Ellis defence reforms: NSW to scrap legal loophole, opening up churches to being sued
By Angelique Lu And Rachael Jones
Australian Broadcasting Corporation
June 10, 2018
|John Ellis took steps to sue the Catholic Church after a paedophile priest abused him as a young boy.|
The 11-year battle to close a legal loophole in New South Wales that prevented abuse survivors from suing churches and other institutions is coming to an end.
Barriers preventing victims from seeking justice will be removed based on recommendations from the Royal Commission into Institutional Child Sex Abuse.
John Ellis, a former altar boy, had waited years before deciding to sue the Catholic Church for abuse he had suffered at the hands of a priest.
By the time he decided to take legal action in 2002, by this stage a lawyer himself, he had no-one to sue.
The priest responsible for the crimes had died, and the Archbishop of Sydney was not considered responsible for the actions of his predecessor.
Ellis defence has been a 'shackle'
In 2007, on appeal lodged by the Catholic Church, the court found the church did not legally exist because its assets were in a legally protected trust.
And, in another blow, the case established a precedent which would bare his name as the 'Ellis defence' — meaning that institutions would rely on the case to avoid liability for child sexual abuse in court.
What followed was an 11-year campaign to change laws that protected institutions like churches.
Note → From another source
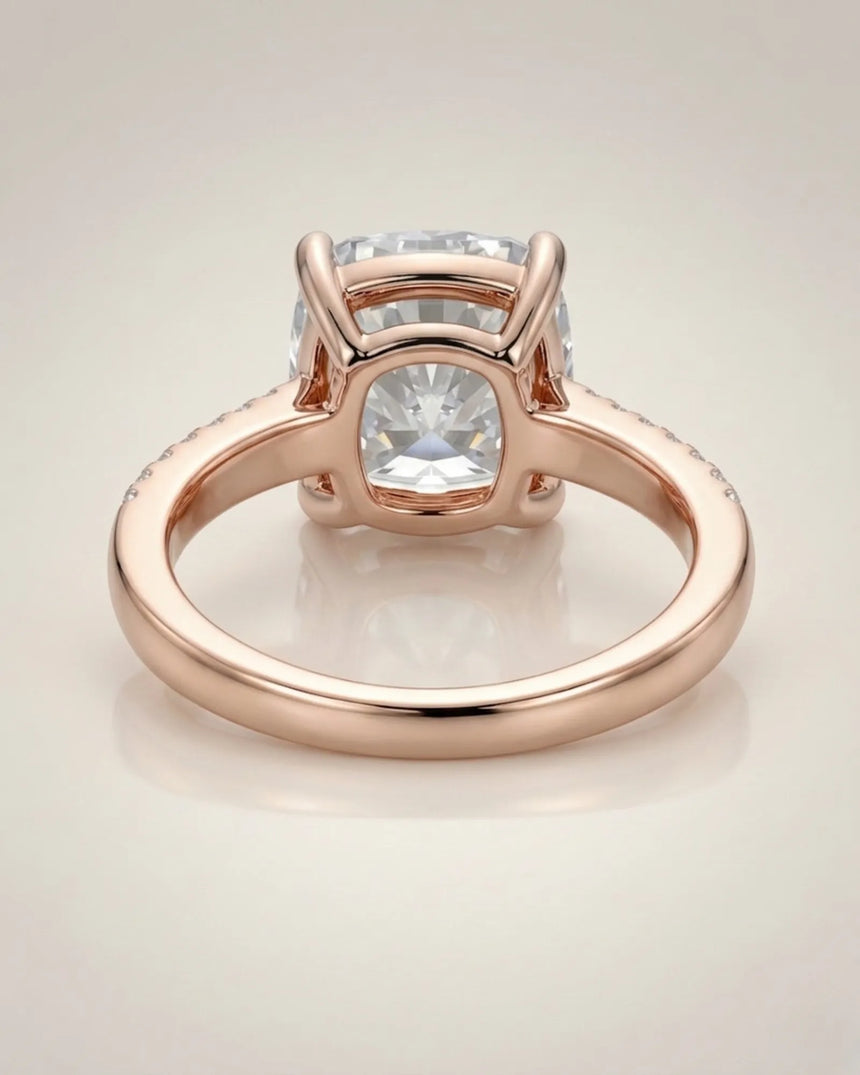 Cushion moissanite center stone ring with round side stones in rose gold | SARATTI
Mr Ellis said having the precedent named after him was a "shackle".
"I think it's galvanised me into action," he said.
"And with the many people who had supported the cause of survivors, both survivors and people who are not survivors but had advocated for their rights and their access to justice.
"Having a focal point, has been part of the process of getting that unjust and immoral defence taken away."
NSW will now become the second state, after Victoria, moving to abolish the Ellis defence through new reforms.
Ellis defence reforms
'It's been a very long road': Ellis
The abolition of the 'Ellis defence'. Courts will now have the power to appoint trustees to be sued if institutions fail to nominate one
A new duty of care on institutions. The onus of proof will now be on institutions to prove that they exercised 'reasonable care' to prevent child sexual abuse
Institutions will now be held liable for the actions of non-employees like volunteers and religious officials who used their position to abuse children. They were not covered in the past
"It's a great day, it really is a red letter day for myself personally," he said.
"Particularly to have the Ellis defence written out of the case books and addressed by legislation. That's something we've been hoping would happen ever since the decision of the court of appeal 11 years ago, and it's been a very long road."
It comes off the back of the recommendations of the royal commission's Redress and Civil Litigation Report.
NSW is introducing a host of reforms expected to become law by the end of the year.
NSW Attorney-General Mark Speakman said institutions in the past had been "abject failures" when it came to report child sexual abuse.
"Today these reforms will make it easier for child sexual abuse survivors and all child abuse survivors to take action against those who have failed them in the past," he said.
Mr Ellis is hoping the move will inspire other Australian states and territories to follow suit.
"All survivors of institutional abuse have ever asked for is justice, and access to justice is absolutely essential for those people, and certainly the Ellis defence has been one of the major barriers that survivors of abuse have faced," he said.
"As we confine the Ellis defence to the annals of legal history, I hope we can look forward now, in this state and throughout the country, to a society where child protection, and where the accountability of those institutions who take that sacred trust of looking after children can be given the provenance it deserves."
Victims will only be allowed to pursue a claim under the national redress scheme, or the new civil litigation laws, but not both.
The national redress scheme has a lower legal threshold, and compensation claims are maxed out at $150,000.
Church says more can be done
The Catholic Church in NSW says it will work with the Government on the reforms.
The Archbishop of Sydney, Anthony Fisher OP said the church had been helping survivors identify proper defendants and ensuring claims were met "for some time now".
"However, the NSW dioceses recognise more can be done to make access to the justice system easier," he said in a statement.
"We support having a clear entity as a proper defendant for claims."